**The problem:** Begin at the line with "Women’s Raymond Weil" and return each line through the final one of the listing below, exactly as written.

<<<<

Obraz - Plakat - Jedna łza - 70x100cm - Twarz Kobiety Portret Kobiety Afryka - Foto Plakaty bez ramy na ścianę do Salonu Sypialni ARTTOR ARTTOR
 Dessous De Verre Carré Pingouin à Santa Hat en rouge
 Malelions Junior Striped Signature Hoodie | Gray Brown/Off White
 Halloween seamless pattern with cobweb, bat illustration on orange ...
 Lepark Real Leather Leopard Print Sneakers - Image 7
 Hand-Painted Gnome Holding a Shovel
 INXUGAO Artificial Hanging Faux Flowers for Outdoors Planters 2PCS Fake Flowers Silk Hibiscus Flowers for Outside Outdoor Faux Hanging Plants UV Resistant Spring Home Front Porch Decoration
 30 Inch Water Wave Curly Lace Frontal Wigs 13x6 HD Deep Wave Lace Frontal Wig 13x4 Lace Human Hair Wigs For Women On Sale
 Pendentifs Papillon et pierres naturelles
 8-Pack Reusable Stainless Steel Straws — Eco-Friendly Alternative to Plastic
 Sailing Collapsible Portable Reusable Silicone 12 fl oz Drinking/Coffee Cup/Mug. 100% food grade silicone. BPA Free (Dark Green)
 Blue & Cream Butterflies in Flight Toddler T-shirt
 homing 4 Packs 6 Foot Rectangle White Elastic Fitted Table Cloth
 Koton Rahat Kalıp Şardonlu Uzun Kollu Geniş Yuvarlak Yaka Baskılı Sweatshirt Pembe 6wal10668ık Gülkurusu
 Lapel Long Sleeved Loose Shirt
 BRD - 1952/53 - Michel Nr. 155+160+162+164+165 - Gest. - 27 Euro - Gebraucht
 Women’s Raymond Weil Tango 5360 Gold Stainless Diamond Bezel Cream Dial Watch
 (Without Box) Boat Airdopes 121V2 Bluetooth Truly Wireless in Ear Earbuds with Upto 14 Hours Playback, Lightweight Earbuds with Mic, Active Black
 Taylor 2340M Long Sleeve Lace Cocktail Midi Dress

>>>>

**Completed exercise:**
 Women’s Raymond Weil Tango 5360 Gold Stainless Diamond Bezel Cream Dial Watch
 (Without Box) Boat Airdopes 121V2 Bluetooth Truly Wireless in Ear Earbuds with Upto 14 Hours Playback, Lightweight Earbuds with Mic, Active Black
 Taylor 2340M Long Sleeve Lace Cocktail Midi Dress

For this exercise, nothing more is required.